What’s the point of putting nonviolent criminals in prison? As I’ve said before, I’d prefer if the government just took all these convicted thieves’ assets along with 95% of their salary for several years, made them do community service (sorting bottles and cans at the local dump, perhaps; a financier should be good at this sort of thing, no?), etc. If restriction of personal freedom is judged be part of the sentence, they could be given some sort of electronic tag that would send a message to the police if you are ever more than 3 miles from your home. And a curfew so you have to stay home between the hours of 7pm and 7am. Also take away internet access and require that you live in a 200-square-foot apartment in a grungy neighborhood. And so forth. But no need to bill the taxpayers for the cost of prison.

Stiglitz writes:

When you say the Pledge of Allegiance you say, with “justice for all.” People aren’t sure that we have justice for all. Somebody is caught for a minor drug offense, they are sent to prison for a very long time. And yet, these so-called white-collar crimes, which are not victimless, almost none of these guys, almost none of them, go to prison.

To me, though, this misses the point. Why send minor drug offenders to prison for a very long time? Instead, why not just equip them with some sort of recorder/transmitter that has to be always on. If they can do all their drug deals in silence, then, really, how much trouble are they going to be causing?

Readers with more background in criminology than I will be able to poke holes in my proposals, I’m sure.

P.S. to the impatient readers out there: Yeah, yeah, I have some statistics items on deck. They’ll appear at the approximate rate of one a day.

18 thoughts on “Prison terms for financial fraud?

  1. For some historical perspective, the invention of prisons where criminals could be confined for long periods was a huge gain for human rights. And prisons are a fairly recent invention.

    For most of human history, there were places where prisoners were held pending trial, but it was rare to confine people once convicted. After conviction, criminals would either be executed, mutilated, exiled, or enslaved. The Byzantines preferred mutilitation since they thought it was the most humane option, given the alternatives. Exile was no fun, it basically meant not having the protection of the law if anyone wanted to do anything bad to you.
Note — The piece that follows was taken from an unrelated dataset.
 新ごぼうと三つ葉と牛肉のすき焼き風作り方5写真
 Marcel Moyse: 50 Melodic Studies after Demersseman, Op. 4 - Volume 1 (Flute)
    In most of human history, the sort of white collar criminals we are talking about would have been executed, maybe along with their families. In gentler times, its important that they get the standard criminal punishment and be separated from society where they can do no more damage. So a long prison term is fine.

    I actually don't have a problem with more confortable "white collar" prisons for non-violent offenders, if only because some of the brutality in the other kind may be needed to control violent criminals, who tend to be, well, violent.

    Also, in sentencing, what harm the criminal is likely to do in the future should be a bigger consideration, maybe the most prominent. Some people are going to be habitual criminals and need to be separated from society. For white collar criminals, once you disbar them/ permanently yank their licenses, you might render them harmless enough to be relatively lenient on the rest of the sentence. But some of these guys are very good at fraud and would still be dangerous. The punishment component should revolve more around public humiliation and shaming.

    One thing coloring this argument is that prisons in the US tend to be pretty terrible. Not only is there no rehabilitation, they do the opposite of rehabilitation, they take criminals and make them more hardened.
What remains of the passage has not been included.